PennyMac Financial Services (PFSI) Q1 2026 earnings summary
Event summary combining transcript, slides, and related documents.
Q1 2026 earnings summary
11 May, 2026Executive summary
Net income for Q1 2026 was $82.3 million ($1.53 per diluted share), with adjusted net income of $117.7 million and adjusted EPS of $2.19; annualized ROE was 8% and adjusted ROE was 11%.
Production segment pretax income reached $134 million, its highest in nearly five years, while servicing segment pretax income was $13 million, or $57 million excluding valuation changes.

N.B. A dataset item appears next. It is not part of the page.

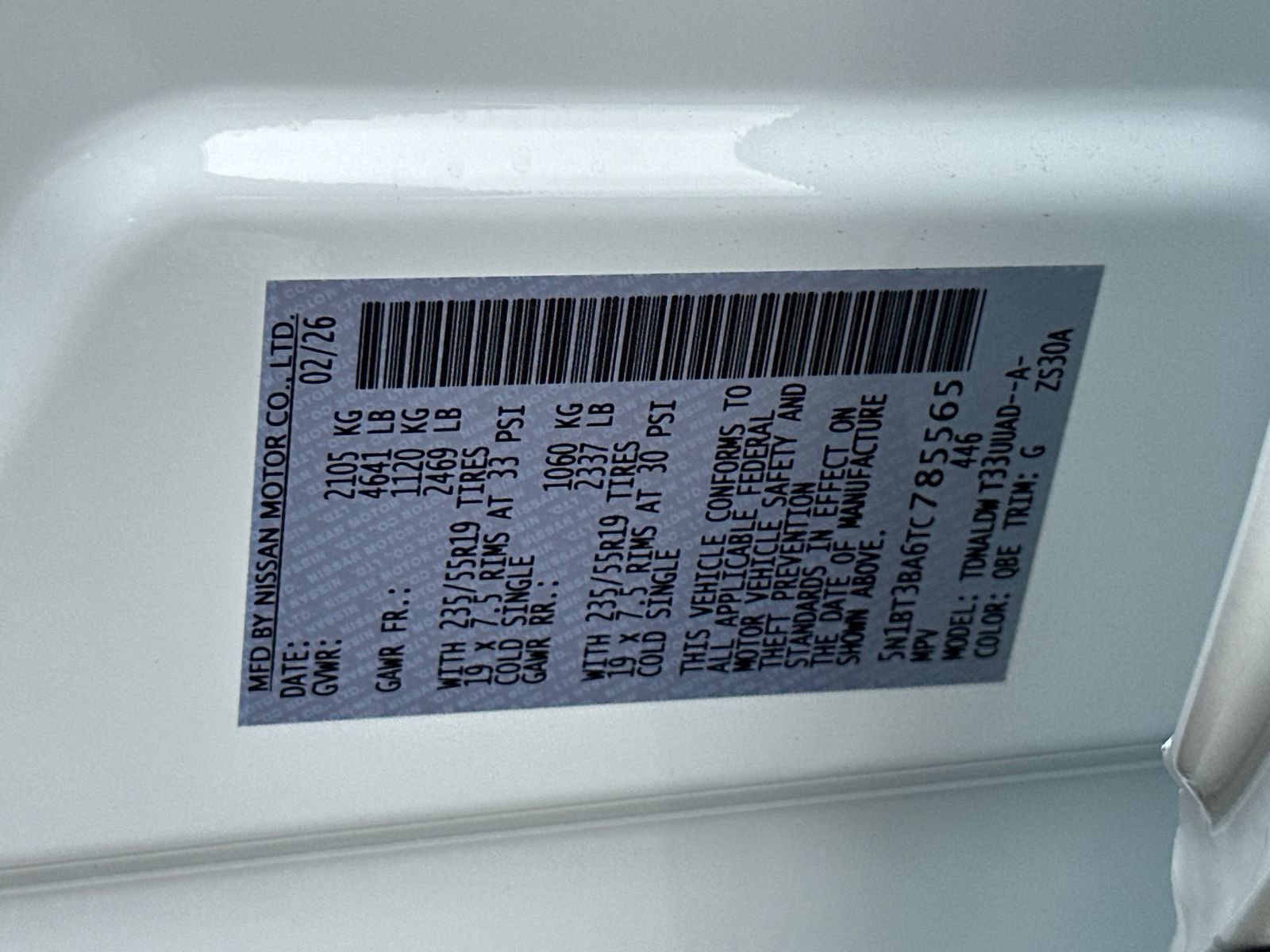 New 2026 Nissan Rogue SV image 34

Technology investments, including AI and the Vesta origination system, improved operational efficiencies and refinance recapture rates.
Repurchased 1% of outstanding stock for $50 million and declared a $0.30 per share dividend payable May 28, 2026.
Acquisition of Cenlar subservicing business remains on track for H2 2026, expected to enhance scale and diversification.
Financial highlights
Adjusted net income was $117.7 million, with a $0.66 difference from GAAP EPS due to MSR fair value declines and acquisition expenses.
Mortgage banking operating pre-tax income was $190 million, up from $173 million in Q4 2025.
Total origination volumes were $37.0 billion UPB, down 12% sequentially but up 28% year-over-year; lock volumes were $44 billion, down 4%.
Dividend declared at $0.30 per share; 560,000 shares repurchased for $50 million.
Adjusted EBITDA for Q1 2026 was $251 million.
Outlook and guidance
Adjusted ROE expected to remain near current levels in Q2, rising to low- to mid-teens in H2 2026 as tech investments yield benefits.
Long-term ROE target remains high teens to low 20%, but near-term guidance lowered due to accelerated tech spend and lower origination demand.
Origination market projected to remain smaller due to higher interest rates, but company expects to generate meaningful adjusted returns.
Management expects the Cenlar acquisition to enhance profitability and leverage the tech-first platform's scale.
Economic uncertainty and interest rate volatility may drive higher production activity but also increase prepayment speeds and credit risk.